*EXERCISE OBJECTIVE*
Could each entry below be written out exactly, with every picture dropped?

*PROVIDED ENTRIES*
──────────────────────────────
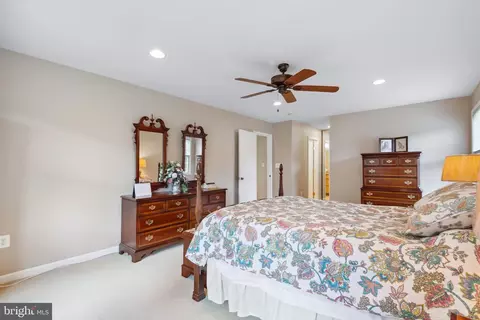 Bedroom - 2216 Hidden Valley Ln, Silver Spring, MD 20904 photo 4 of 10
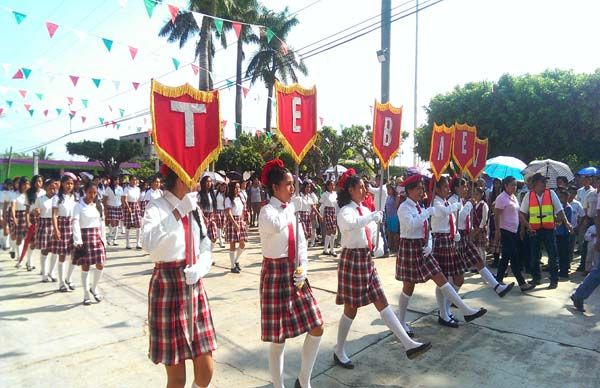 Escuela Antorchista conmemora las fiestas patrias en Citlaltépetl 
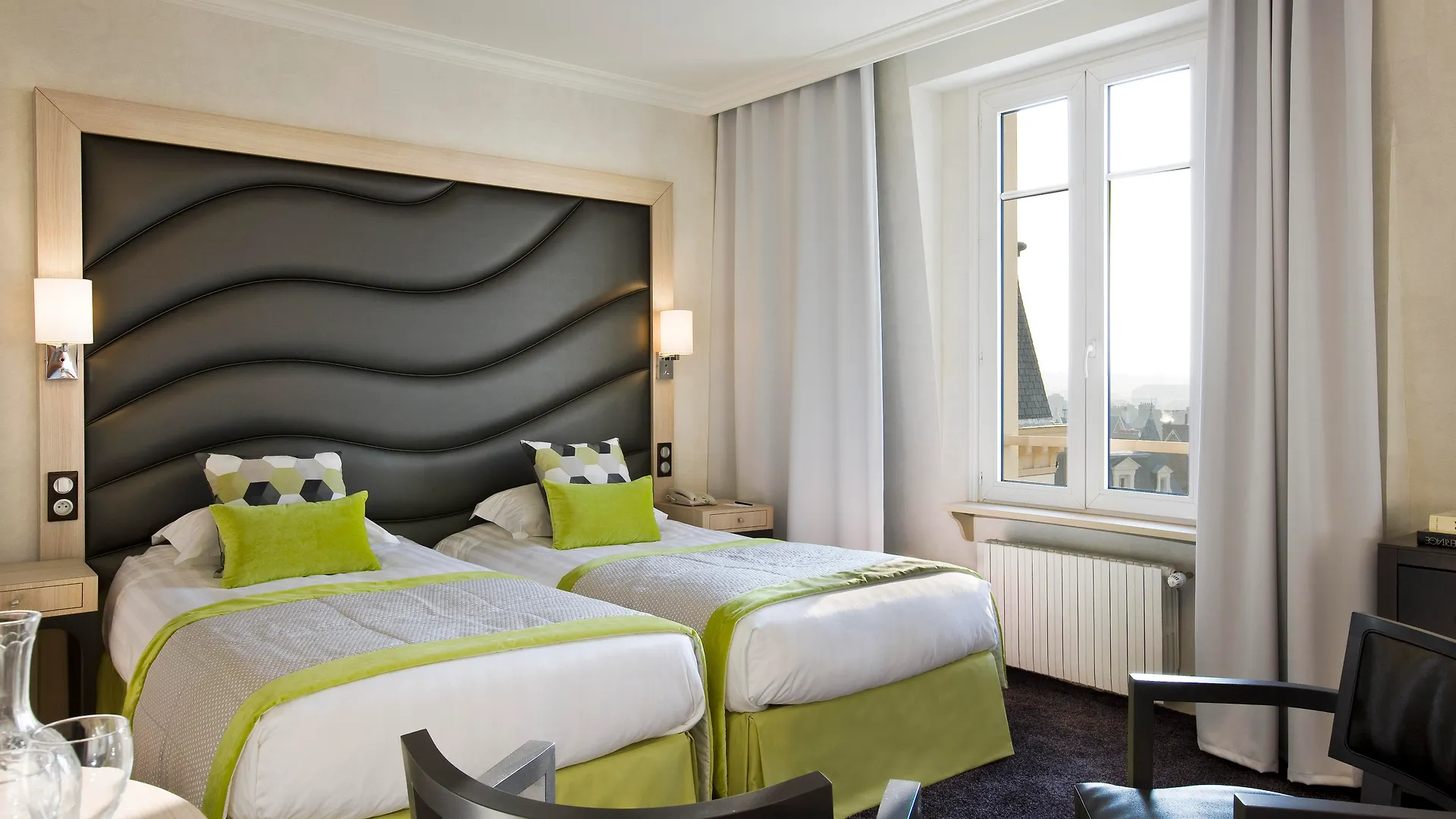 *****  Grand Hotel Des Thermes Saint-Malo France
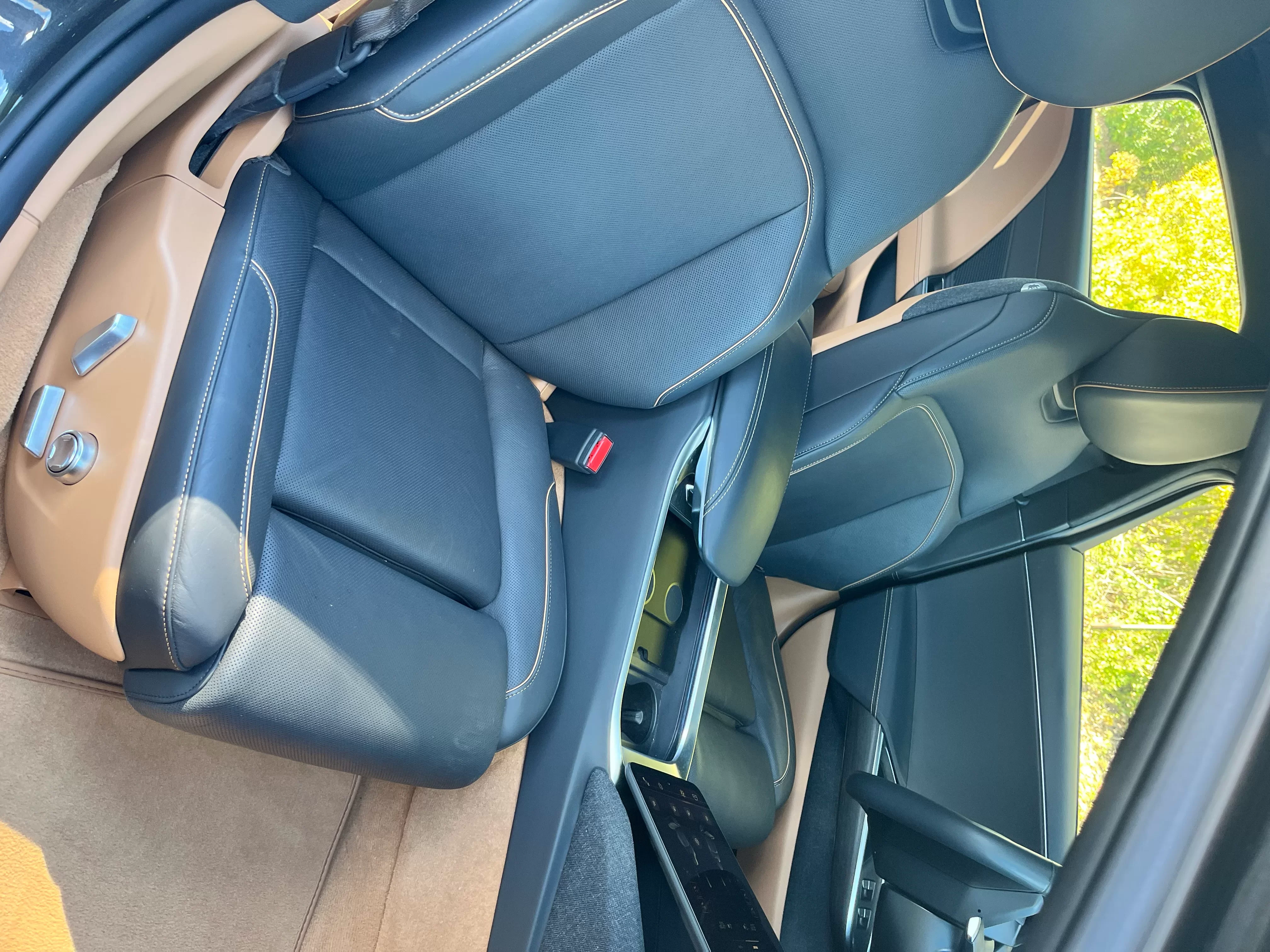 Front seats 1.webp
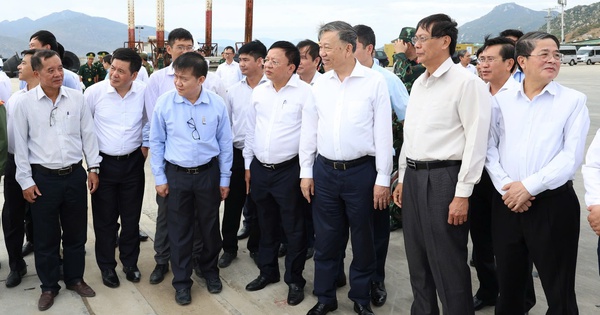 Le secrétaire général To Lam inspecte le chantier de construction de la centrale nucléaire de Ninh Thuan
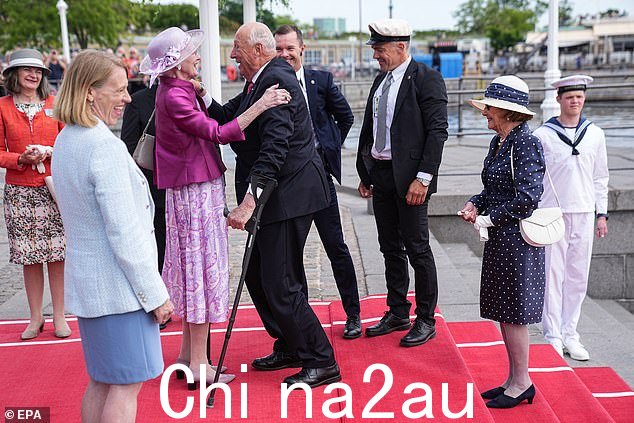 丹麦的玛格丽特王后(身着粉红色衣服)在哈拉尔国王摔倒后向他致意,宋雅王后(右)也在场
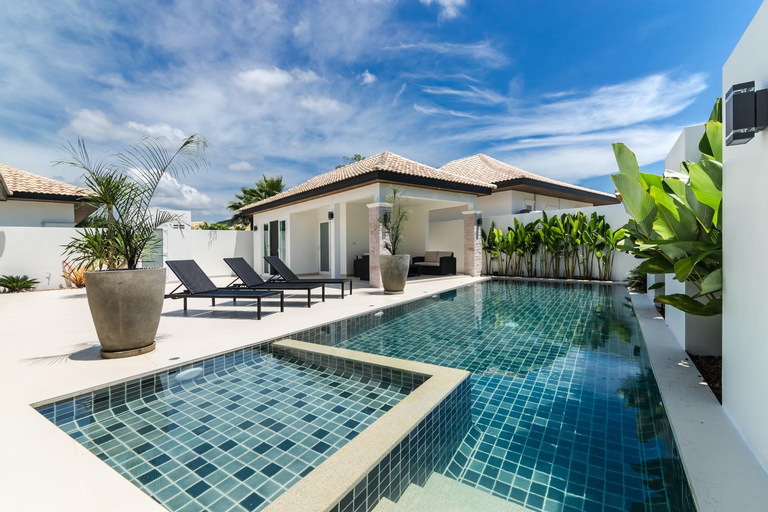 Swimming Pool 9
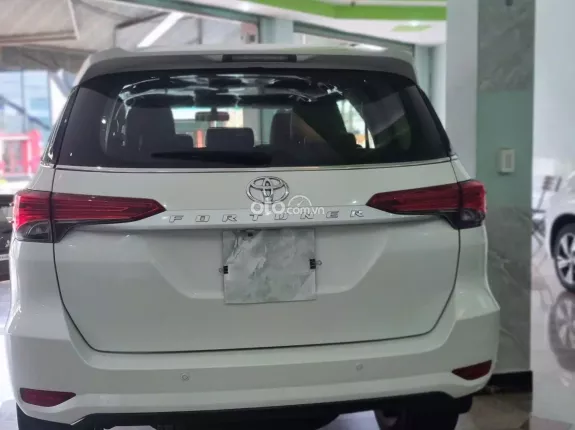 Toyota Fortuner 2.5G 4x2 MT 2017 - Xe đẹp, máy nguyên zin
──────────────────────────────
*SOLUTION TO THIS PROBLEM*
 Bedroom - 2216 Hidden Valley Ln, Silver Spring, MD 20904 photo 4 of 10
 Escuela Antorchista conmemora las fiestas patrias en Citlaltépetl 
 *****  Grand Hotel Des Thermes Saint-Malo France
 Front seats 1.webp
 Le secrétaire général To Lam inspecte le chantier de construction de la centrale nucléaire de Ninh Thuan
 丹麦的玛格丽特王后(身着粉红色衣服)在哈拉尔国王摔倒后向他致意,宋雅王后(右)也在场
 Swimming Pool 9
 Toyota Fortuner 2.5G 4x2 MT 2017 - Xe đẹp, máy nguyên zin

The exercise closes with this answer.